R= By this comment, we re-write this sentence to explain that it could be a compliment but no exclusive parameter to decide the use of invasive mechanical ventilation (row 271-274).

 

 

  1. It is interesting the role of MMP-7 in the pathogenesis of interstitial lung diseases, but again it is an assumption that this is a biomarker to predict IMV in COVID-19 patients instead it is more plausible that severity of coronavirus disease is related to MMP-7 levels.

R= Following the suggestion, we re-write this sentence (row 315).

 

  1. A point that deserves some comment is the role of circulating serum biomarkers of fibrogenesis (as MMP-7) and fibrotic sequelae in survivors of severe SARS-CoV-2 pneumonia, as it has been recently published (Arch Bronconeumol. 2022 Feb; 58(2): 142–149. Published online 2021 Sep doi: 10.1016/j.arbres.2021.08.014)

R= Thank you, in the new version we included the relevant results provided by this manuscript and this reference was added (new reference #24, line 321-322).

Reviewer 3 Report

Leslie et al have looked at levels of circulating immune mediators in COVID19 patients and identified PD-L1, TIM3 and MMP-7 as useful biomarkers. Study is of importance considering the ongoing pandemic. I have some minor comments and upon addressing these, manuscript should be acceptable:

  1. authors should mention the sensitivity of the ELISA kits used.
  2. Authors should mention about 12 patients samples after 8 months time interval. Did they get COVID again? Vaccination status or any other clinical condition at the time of re-sampling?
  3. for fig.1, did patients having very high levels of sPD-L1 (>200) show any differences in clinical presentation/severity/age/disease course as compared to rest of the cohort? authors should look and reflect on this.

Author Response

  1. authors should mention the sensitivity of the ELISA kits used.

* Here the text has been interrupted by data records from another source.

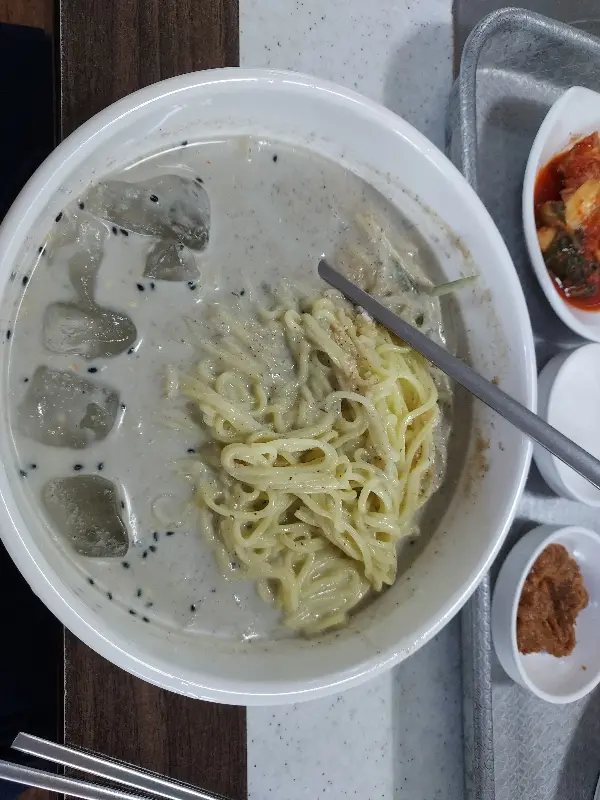 살얼음이 낀 검은콩국수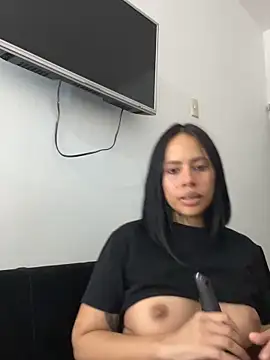 CarolinaRaven online show from March 2026 04:46:01 AM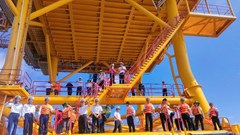 Huyền thoại sống giữa Biển Đông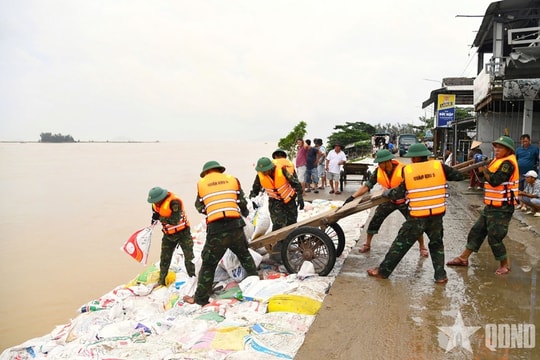 Bộ Chỉ huy Quân sự thành phố Đà Nẵng triển khai các biện pháp ứng phó bão số 13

R= We add this information in methods section, row 97-99.

 

  1. Authors should mention about 12 patients samples after 8 months time interval. Did they get COVID again? Vaccination status or any other clinical condition at the time of re-sampling?

R= These points are very important; 12 patients did not present infection during the follow-up, the clinician’s staff discarded it.  Regarding vaccination status, the second blood sample was obtained November 2020-April 2021, our country started the vaccination in the middle of January 2021, and during the first months, it was exclusively to people older than 70 years, so our patients' groups did not receive the vaccine in the period of study.

 

  1. for fig.1, did patients having very high levels of sPD-L1 (>200) show any differences in clinical presentation/severity/age/disease course as compared to rest of the cohort? authors should look and reflect on this.

R= Thank you for this comment, we look for clinical correlation data with these high levels, but we do not find any correlation.